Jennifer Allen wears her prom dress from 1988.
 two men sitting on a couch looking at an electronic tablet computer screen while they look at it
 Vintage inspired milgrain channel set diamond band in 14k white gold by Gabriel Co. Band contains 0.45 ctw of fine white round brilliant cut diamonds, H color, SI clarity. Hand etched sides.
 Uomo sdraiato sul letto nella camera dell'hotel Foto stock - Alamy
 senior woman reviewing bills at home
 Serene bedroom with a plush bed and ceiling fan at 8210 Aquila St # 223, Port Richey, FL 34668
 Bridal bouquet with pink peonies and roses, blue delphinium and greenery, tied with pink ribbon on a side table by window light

# # # # # # #

Your answer must be the full listing above, printed exactly as it stands.

## Completed task
Jennifer Allen wears her prom dress from 1988.
 two men sitting on a couch looking at an electronic tablet computer screen while they look at it
 Vintage inspired milgrain channel set diamond band in 14k white gold by Gabriel Co. Band contains 0.45 ctw of fine white round brilliant cut diamonds, H color, SI clarity. Hand etched sides.
 Uomo sdraiato sul letto nella camera dell'hotel Foto stock - Alamy
 senior woman reviewing bills at home
 Serene bedroom with a plush bed and ceiling fan at 8210 Aquila St # 223, Port Richey, FL 34668
 Bridal bouquet with pink peonies and roses, blue delphinium and greenery, tied with pink ribbon on a side table by window light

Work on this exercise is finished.